Nel dettaglio, HybridPetya può cifrare la Master File Table, compromettendo i sistemi moderni fondati su Uefi, attraverso l’installazione di un’applicazione malevola EFI.
La variante è in grado di sfruttare la vulnerabilità CVE-2024-7344 per aggirare il Secure Boot con un file cloak.dat.
“Qui si scende sotto l’OS, si tocca UEFI, si cifra la MFT e si buca Secure Boot sui sistemi lasciati indietro“, avverte Sandro Sana.
Per la generazione della chiave di installazione personale della vittima, a differenza di NotPetya, l’algoritmo permette all’operatore del malware di effettuare la ricostruzione della chiave di decrittazione a partire dalle chiavi personali delle vittime.
In questo modo, HybridPetya resta usabile come ransomware classico, più affine a Petya.
Inoltre, compromettendo i sistemi basati su Uefi, tramite l’installazione di un’applicazione EFI malevola sulla EFI System Partition. Distribuita, l’applicazione è dunque responsabile della cifratura della Master File Table (MFT), un file di metadati essenziale contente le informazioni riferite a tutti i file sulla partizione NTFS.
“Approfondendo l’analisi, abbiamo scoperto su VirusTotal qualcosa di ancora più interessante: un archivio contenente l’intero contenuto della EFI System Partition, compresa un’applicazione UEFI HybridPetya molto simile, ma questa volta integrata in un file cloak.dat appositamente formattato, vulnerabile alla CVE-2024-7344 – la falla di bypass del Secure Boot UEFI che il nostro team ha reso nota a inizio 2025”, approfondisce Martin Smolár.
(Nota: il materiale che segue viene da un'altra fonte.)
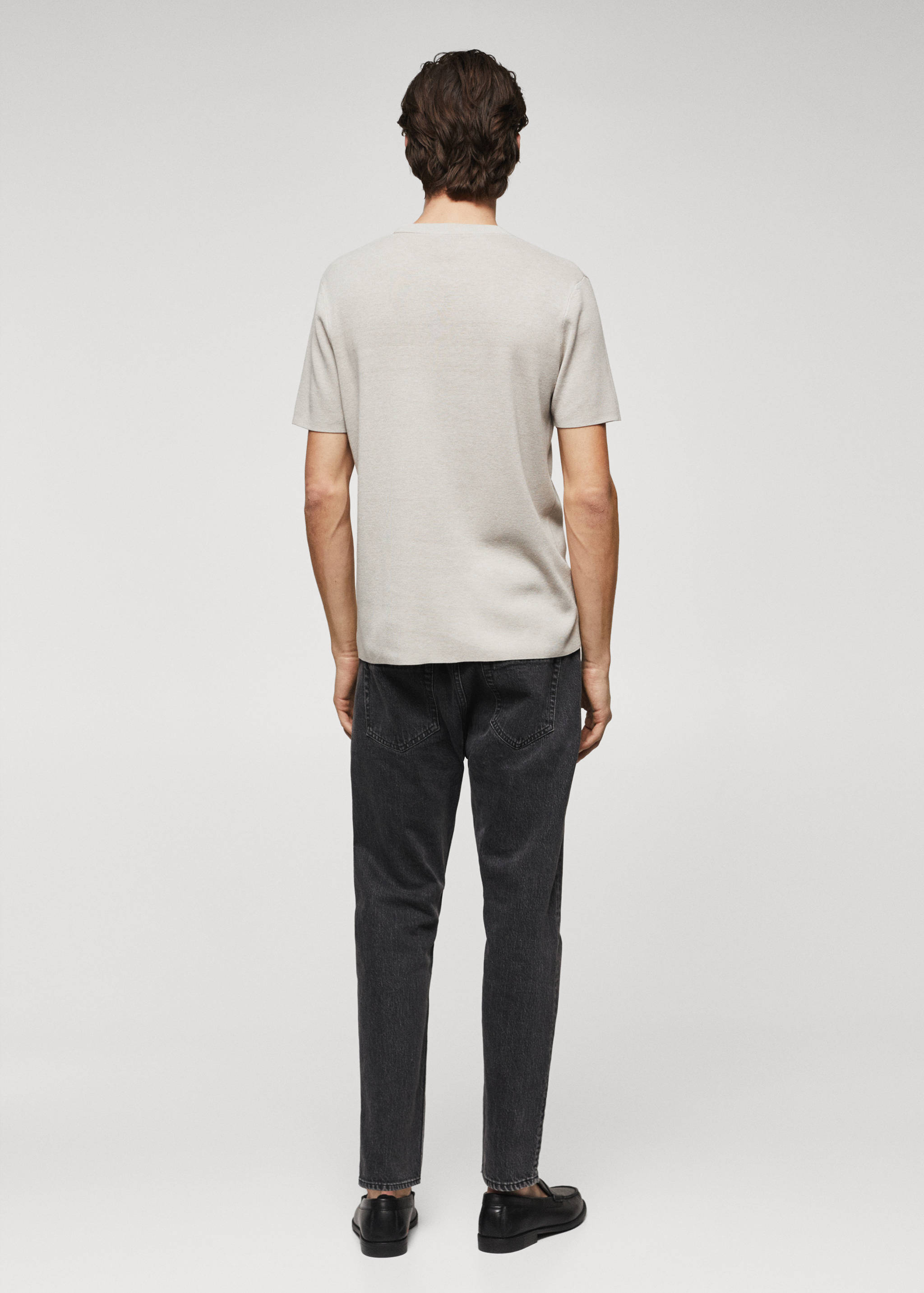 Футболка из тонкого трикотажа - Обратная сторона изделия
“La tendenza che ci si deve aspettare è che i ransomware evolveranno sempre più verso attacchi al firmware e al boot, perché questi strati sono difficili da monitorare e da bonificare“, mette in guardia Dario Fadda.
Ciò significa che “se pensi che il boot sia ‘territorio sacro'”, questo è un campanello d’allarme. “Senza DBX aggiornato e firmware in ordine, la tua coperta di Linus non copre niente”, evidenzia Sana.
“Messaggio per gli IT: smettetela di parlare solo di patch di Windows e licenze EDR, mettete a budget revoche Secure Boot, aggiornamenti firmware governati dai vendor, controllo d’integrità in fase di avvio, backup offline realmente testati e runbook di risposta ‘pre-OS’. Proof-of-concept o no, il rischio è reale: o mettetew in sicurezza l’accensione, o state solo lucidando la carrozzeria di un’auto senza chiave“, conclude Sandro Sana.
In definitiva, “le aziende italiane devono considerare la sicurezza del firmware come una delle priorità strategiche e iniziare a guardare oltre le misure di sicurezza tradizionali, installare regolarmente gli aggiornamenti del firmware e monitorare i sistemi per rilevare eventuali anomalie nel processo di avvio”, avverte Martin Smolár, ESET Malware Researcher.